Toyo:Yes, on top of that, the "WH-1000XM4" is equipped with "DSEE Extreme" as a new sound quality enhancement function. Yamamoto explains this.
Yamamoto:The "DSEE Extreme" is a further evolution of Sony's original "DSEE HX," a high-quality sound function that has been installed sequentially from Walkmans, wireless speakers, AV amplifiers, etc., released since 2013. "DSEE HX" was a technology to upscale a CD sound source or a compressed sound source to a high-resolution sound source equivalent to high resolution, but "DSEE Extreme" further enhances the high-frequency complement performance to provide high-quality sound closer to high resolution. It will be realized.
What kind of processing did you do to achieve sound quality closer to high resolution?
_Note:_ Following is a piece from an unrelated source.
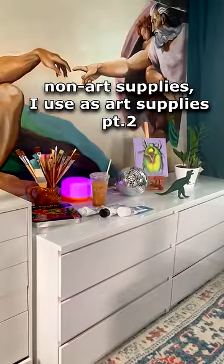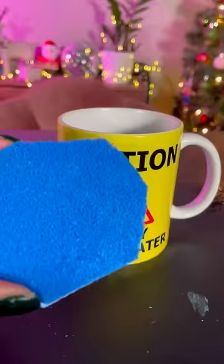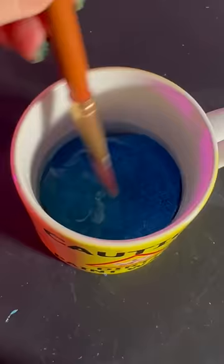Non art supplies I use as art supplies, part two. First up, we have a sponge. You can cut these up into little circles and then stick that circle into a cup, and it basically turns it into a DIY brush cleaner.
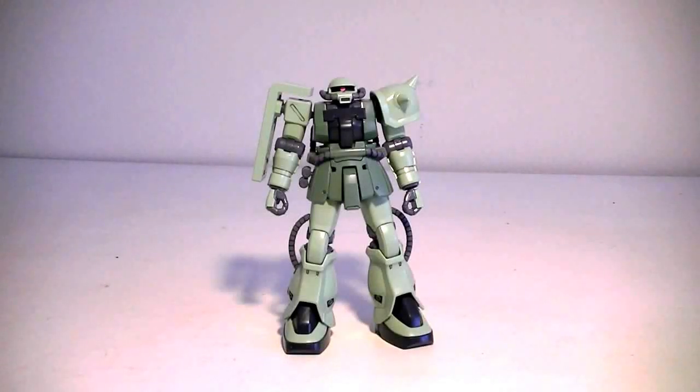Hello everyone, this is SuperDimensionalBun. Today I'll be reviewing Bandai's HGUC Zaku II F2, featured in the OAV series Gundam 0083. This kit was originally produced in 2010 and originally retailed for 1,500 yen.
Yamamoto:With "DSEE HX" and "DSEE Extreme", we are trying to predict and complement the high-frequency signal component that was lost when the music data was compressed from the low-frequency signal component, but it is important here. However, to accurately analyze the low-frequency signal of interest. This is because there are various sounds in the world, such as vocals, percussion instruments, guitars, and pianos, and the characteristics of the sounds are different. For example, vocals do not contain high-frequency signals very much and the rise of the sound is not so fast, whereas percussion instruments have a lot of high-range signals and the rise of the sound is fast. Therefore, in the conventional "DSEE HX", adjusting the sound quality closer to the vocals weakens the percussion instrument, and adjusting the sound quality closer to the percussion instrument has the disadvantage that the vocal becomes unnatural.
So, in the new "DSEE Extreme", we analyze the sound being played back by making full use of the deep neural network (DNN) technology, which is the most advanced AI technology, and for vocals, upscaling for vocals is performed. For percussion instruments, upscaling for percussion instruments can be applied while switching in real time. This has made it possible to enhance the powerful rise of percussion instruments while at the same time making the voice of the vocal beautiful.
Could you also tell us about the background behind this further improvement in sound quality? What motivation led to the birth of "DSEE Extreme"?
Yamamoto:Customers who want high-grade headphones such as the "WH-1000XM4" are naturally obsessed with the sound quality, so the biggest reason is that we wanted to make an evolution that would sound to those people. Personally, I think that music satisfaction is determined by the multiplication of "the number of contents" and "sound quality", but in recent years, with the advent of streaming music distribution service, the former has been considerably satisfied. right. Under such circumstances, we thought that it would be a great added value to enjoy those streaming music distribution services with even higher sound quality.
Also, at the same time, AI technology has a global breakthrough, and I have been able to overcome the problems that have been difficult to solve until now, which is also helping me.
What was the hardest part of developing DSEE Extreme?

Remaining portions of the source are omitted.